EDS is erfelijk, er zijn richtlijnen en er is discussie over die richtlijnen. Wat te doen als je als moeder voelt dat je kind hetzelfde mankeert, nee, het is meer dan voelen, het lijkt gewoon een déjà vu. Je twijfelt, je doet het af als het zal wel niet, je probeert het los te laten, maar bent waakzaam. Je doet je best je kind te leren luisteren naar zijn lijf, zijn lastige lijf. In angst te overdrijven hou je afstand, probeer je je instinct te negeren, het stemmetje in je hoofd (het is er maar eentje) naast je neer te leggen, tot de huisarts het ook opvalt en zegt ‘vind je niet dat je fysiek steeds meer op je moeder gaat lijken?’.

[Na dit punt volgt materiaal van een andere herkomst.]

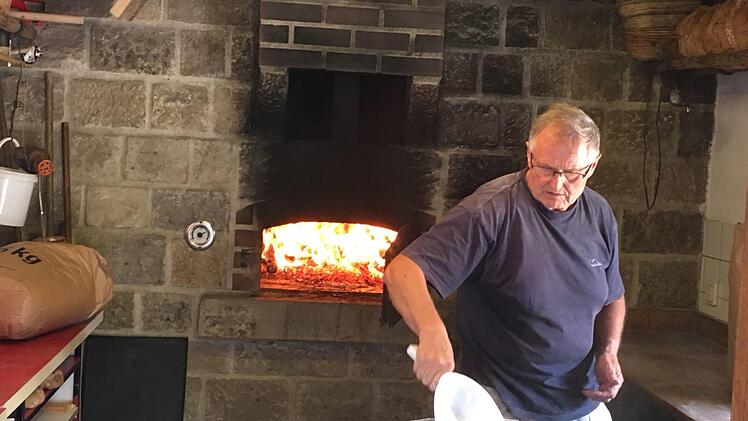 Gro&szlig;er Andrang herrschte beim Backofenfest des Obst- und Gartenbauvereins Bad Br&uuml;ckenau. Alle Teige werden nach original Rezepten hergestellt. Moni Wiesner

Er volgen onderzoeken, er rijzen twijfels, erfelijkheid versus toeval. En dan blijkt opnieuw hoe belangrijk het is serieus genomen te worden. Weer bevind je je in een zoektocht, de geschiedenis herhaalt zich met één enorm verschil, je kind heeft iemand die weet hoe het is en heeft iemand die onvoorwaardelijk gelooft in de klachten. Je kind wordt gelukkig wel serieus genomen, ook al zijn er weer twijfels over de diagnose.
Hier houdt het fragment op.